2007 Year in Review, Vol. 6, Issue 41

Because the First Amendment of the US Constitution protects all forms of free speech and free expression (which is as it should be), Perfect Propriety took a real beating in 2007. From the "wide stance" of Senator Larry Craig to "Don’t tase me, bro!", from "Why don’t you shut up?" to the Brawl at Symphony Hall, people from all walks of life have behaved badly.

Don Imus tops the list of Perfectly Improper Users of Free Speech this year. Back on April 4 he casually referred to the women’s basketball team of Rutgers University as "nappy-headed hos." The ensuing brouhaha saw Imus evicted from the airwaves and learning just how wrong offhand slander is. To Etiquetteer’s surprise he returned to the airwaves in December, but appears to be appropriately chastened. With his history, however, Don Imus bears watching.

Overall the women of the Rutgers basketball team behaved with true decorum. Kia Vaughn’s ill-considered defamation lawsuit, however, brought down the tone a notch. Aside from the fact that Imus never mentioned her by name, the lawsuit was filed on August 14, months after the incident. Her reputation would have been better served by keeping silent. Which leads Etiquetteer to ask, which is more important: money, fame, or honor?

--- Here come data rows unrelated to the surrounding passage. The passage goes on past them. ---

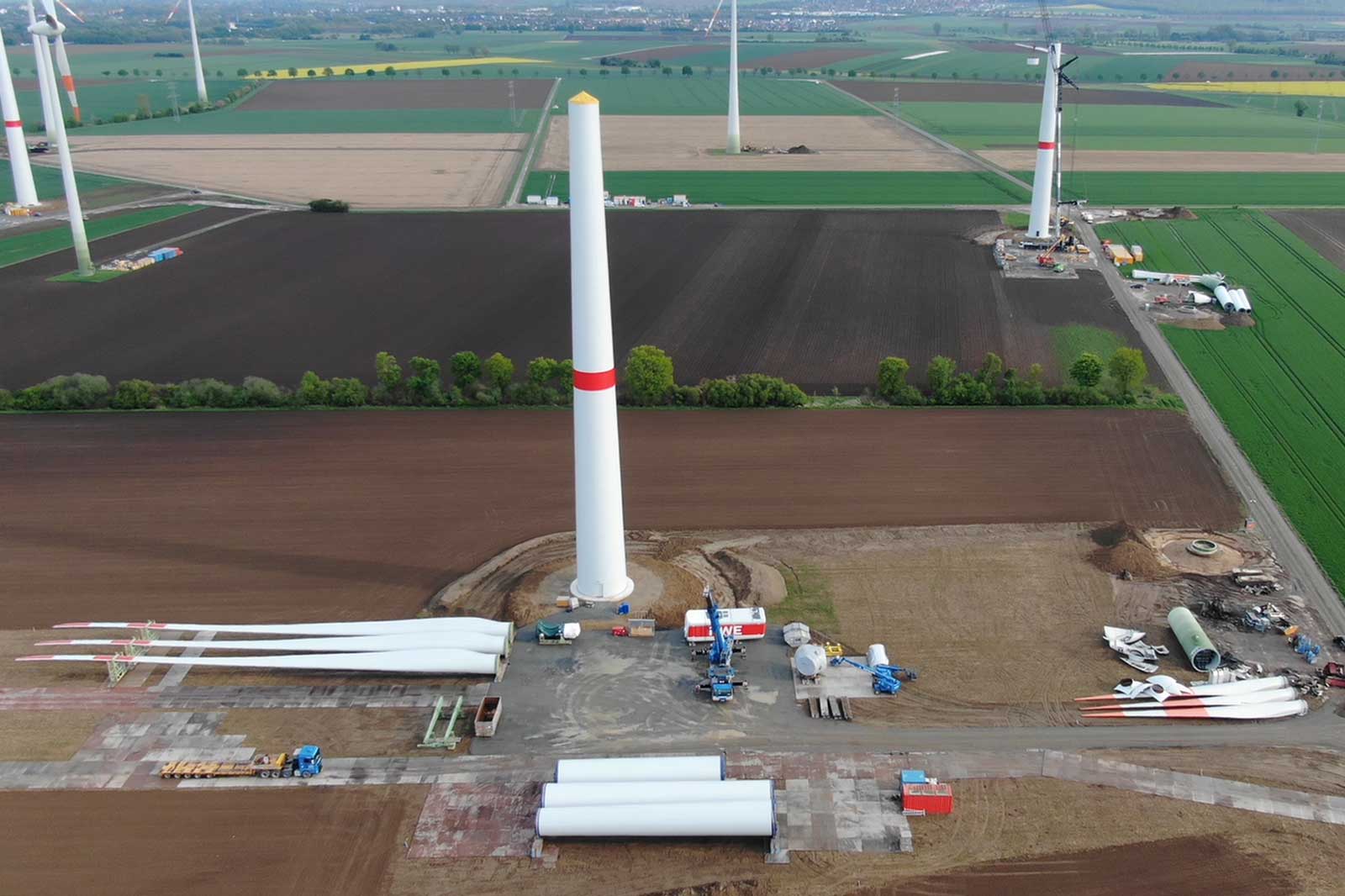 Ein Windkraftanlagenstandort mit mehreren Windturbinen, Blättern und Baugeräten auf einem grünen Feld.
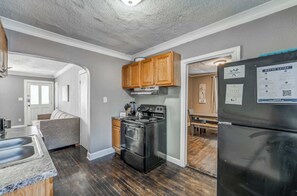 Una cocina moderna con estufa, horno y refrigerador, armarios de madera y un banco empotrado.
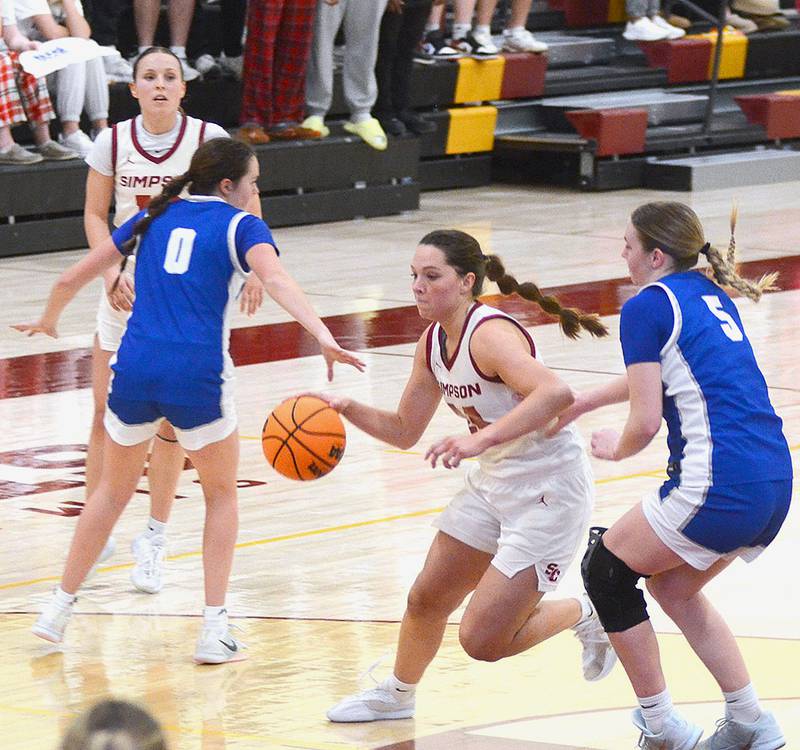 Simpson junior Doryn Paup of Creston drives to the basket as teammate Maddax DeVault of Greenfield waits for a pass at the 3-point line. Tuesday's game was their final appearance together for the Storm.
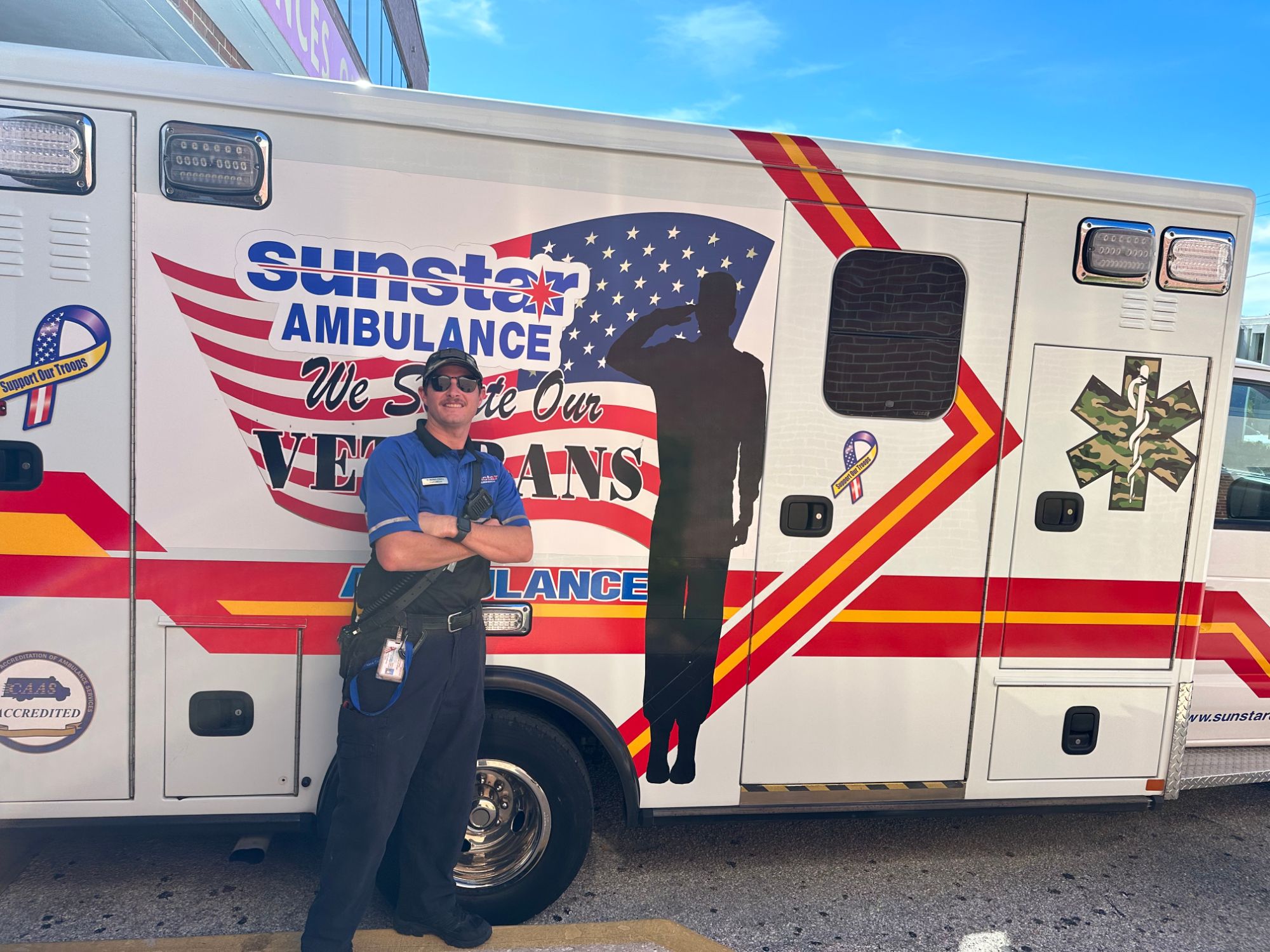 Cody Bonalewicz in front of an ambulance honoring veterans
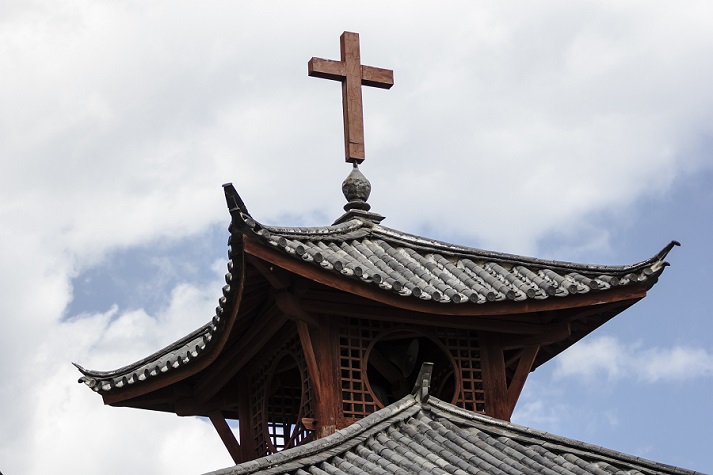 traditional Chinese roof with cross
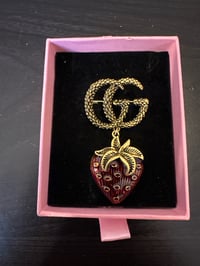 GG strawberry brooch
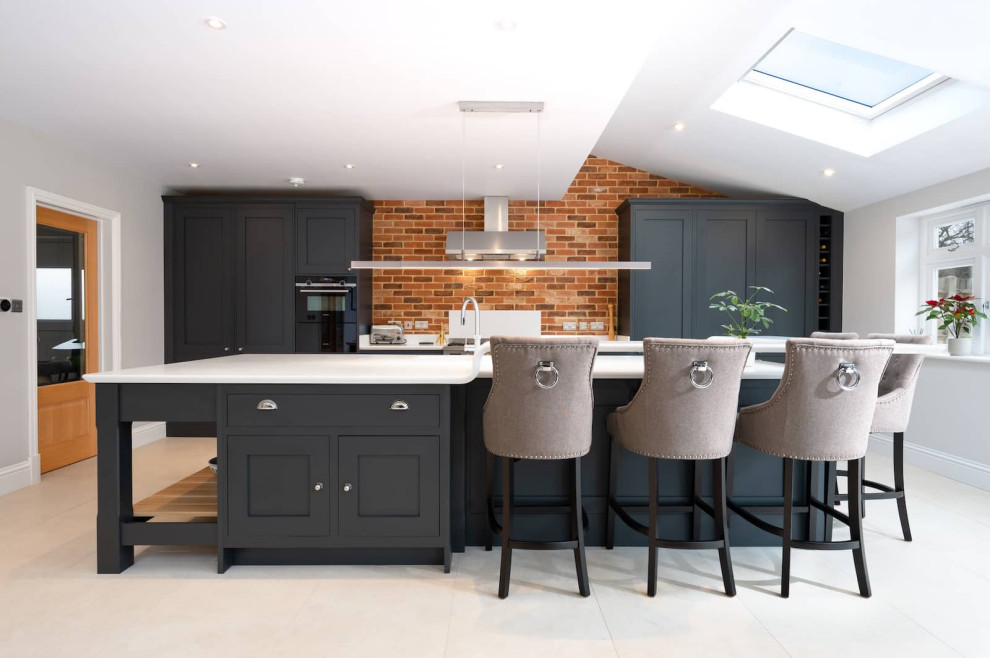 Design ideas for a large urban open plan kitchen in Hertfordshire with an integrated sink, shaker cabinets, blue cabinets, quartz worktops, brown splashback, terracotta splashback, black appliances, ceramic flooring, an island, white floors, white worktops, a drop ceiling and feature lighting.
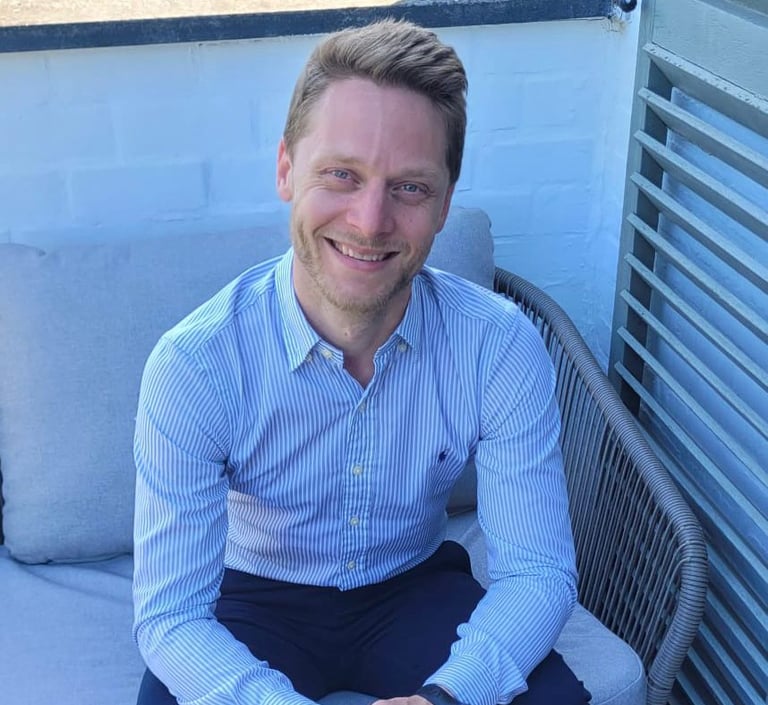 Photo de Stéphane Marquis vétu d'une chemise et d'une pantalon assis sur un fauteuil à l'extérieur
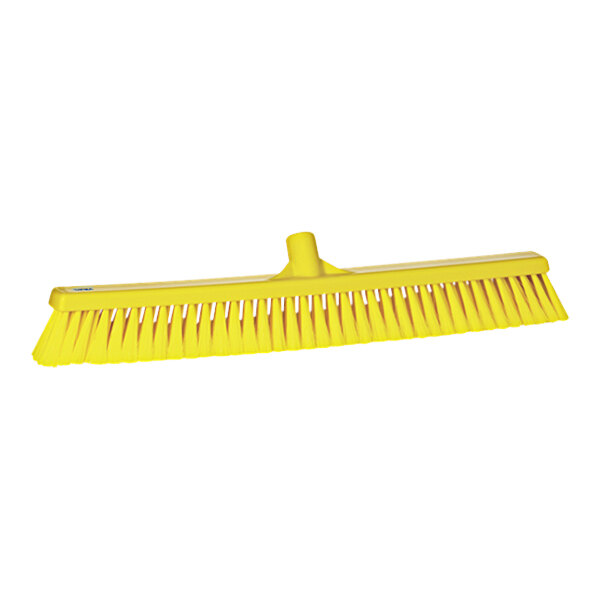 A yellow Vikan push broom head with long bristles.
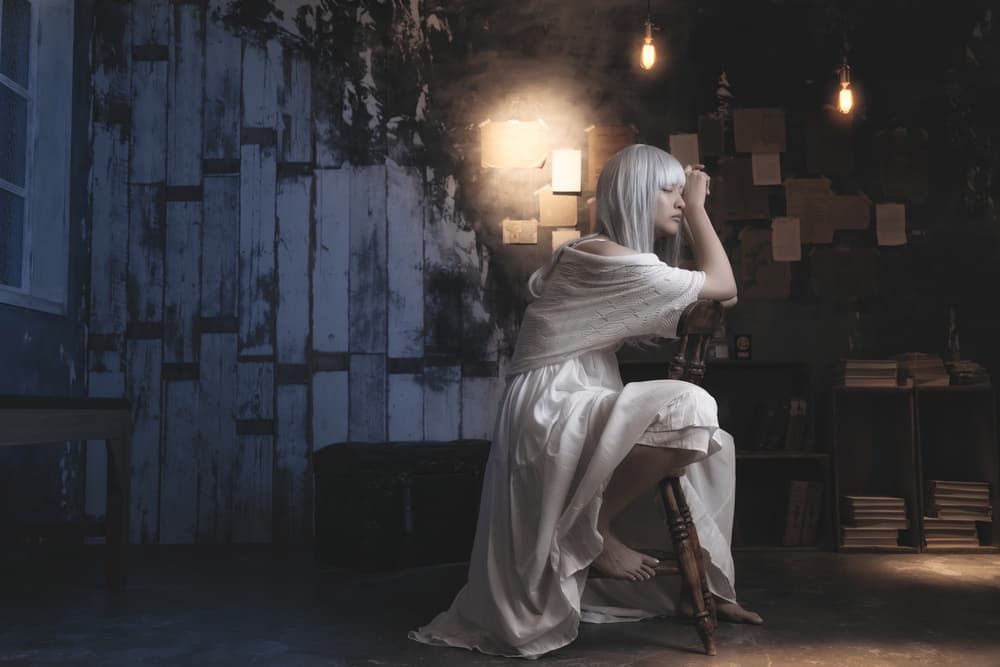 Pensive Woman in White by Suzuhiko Suzuki — canvas wall art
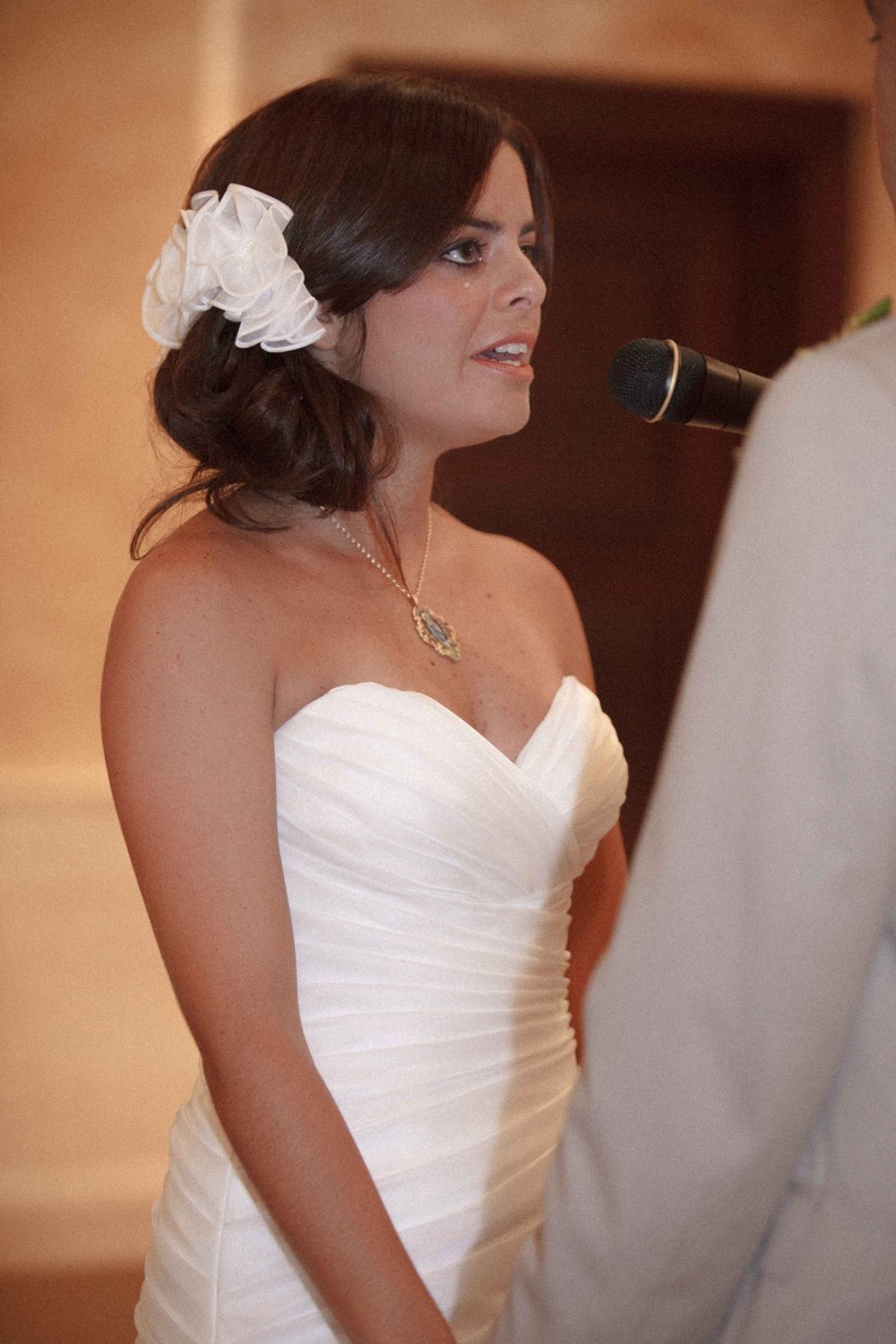 A person in a white wedding dress smiles during an indoor celebration event.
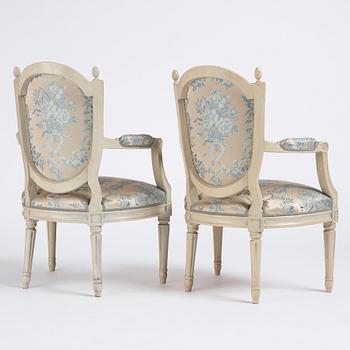 A pair of carved Gustavian chairs by J. Mansnerus (master 1756-1779).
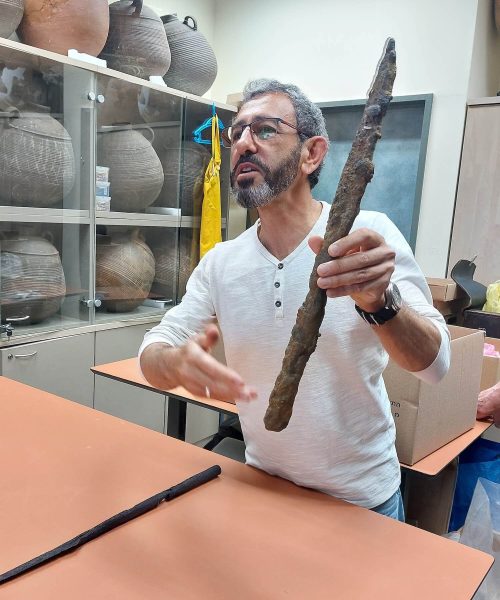 Michael Eisenberg of the Haifa University Department of Archaeology, showing a Byzantine sword from the mid - 5 th century CE . ( Photo by M. van den Berg)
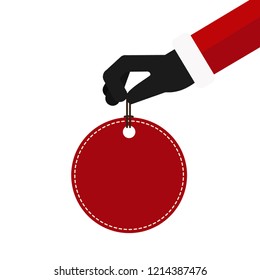 Christmas concept. Santa claus hand hold red price tag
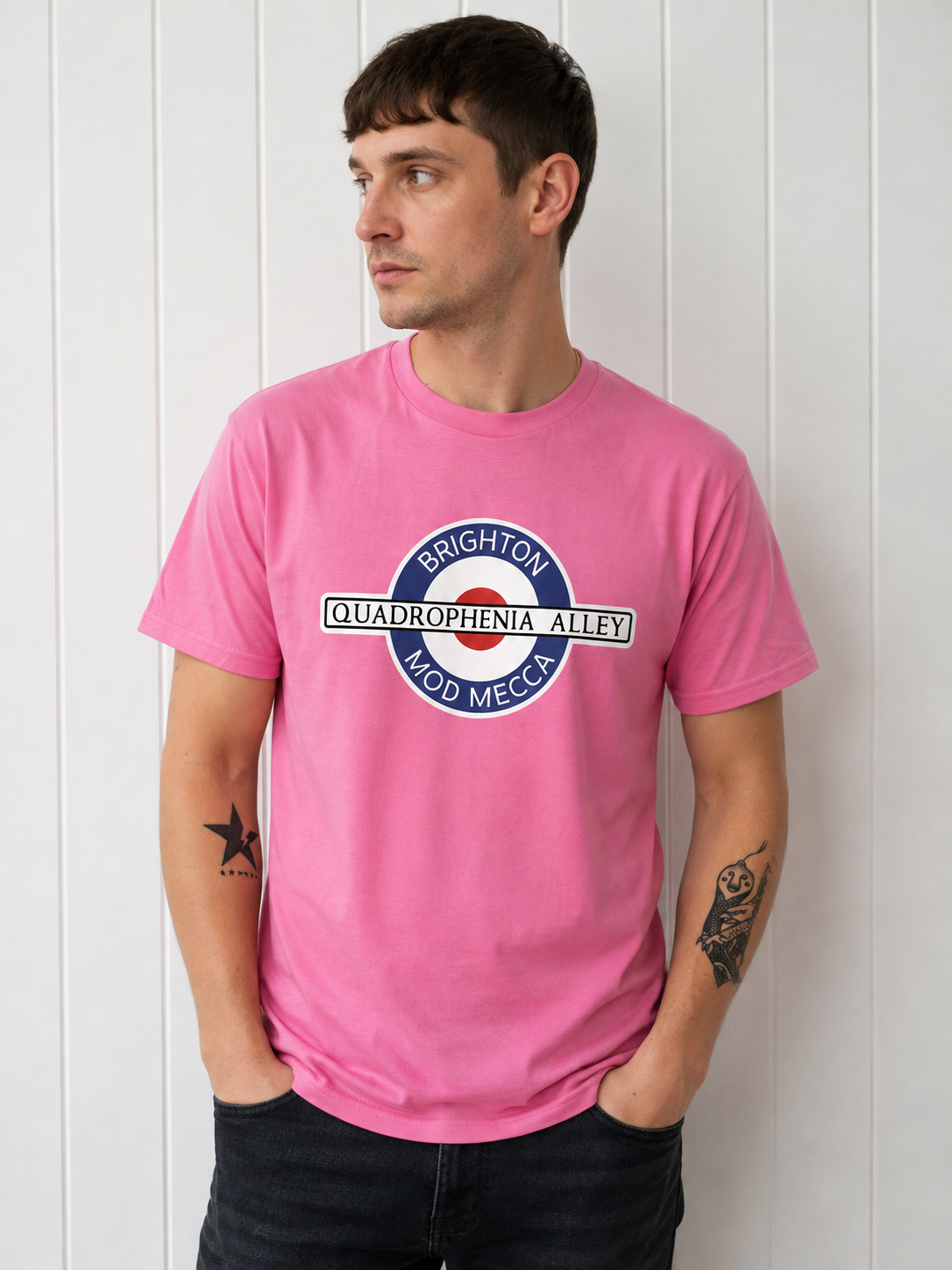 A man wearing a bright pink t-shirt with a circular graphic that reads 'BRIGHTON QUADROPHENIA ALLEY MOD MECCA' in blue, white, and red, standing against a white paneled wall.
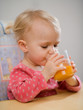 little girl with carrot juice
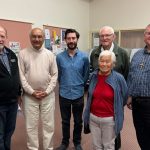 Group of people in a church hall smiling at the camera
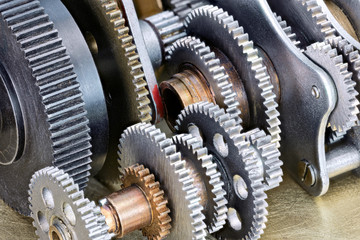 Fototapeta premium various gear cogwheels on scratched metal industrial background macro view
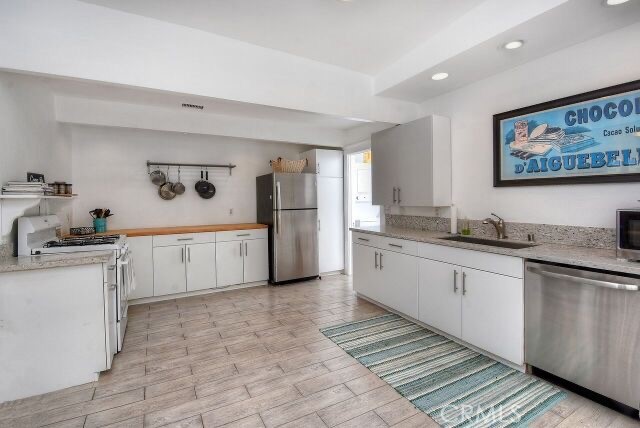 372 Jasmine Street Laguna Beach, CA 92651 - Photo 11 of 20 a large white kitchen with a stove a sink dishwasher and a refrigerator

On May 9 Perfect Propriety got a black eye at that Brahmin bastion, Symphony Hall. Depending on who’s telling the story, either Matthew Ellinger asked Michael Hallam to be quiet, causing Hallam to punch him – or that Hallam was struck first by Ellinger. The "brawl at Symphony Hall" cast a blot on the start of the Pops season, but these two men did at least drop charges against each other a month later. Once upon a time Boston audiences could be guaranteed to keep the excitement only on the stage; let’s hope this isn’t a new trend!

The ranks of the Perfectly Proper were sadly thinned with the deaths of former First Lady Lady Bird Johnson, New York’s Brooke Astor, and Boston’s own Cathryn Keith. Their departures leave us with a real gap. Matrons just aren’t made the way they used to be.

Instead we’re left with Kyla Ebbert, the Hooters waitress who created a national scandal – oh, forgive Etiquetteer, "dialogue" – about Perfectly Proper attire for air travel. Ms. Ebbert, you may remember, was asked to cover up an outfit of debatable skimpiness on a Southwest Airlines flight. Rather than go home and contemplate this quietly, she and her mother brought the story to no less than Matt Lauer onThe Today Show. Etiquetteer is hardly suggesting a burqa instead, but is a knee-length skirt and a blouse that doesn’t look like a wifebeater too much to ask?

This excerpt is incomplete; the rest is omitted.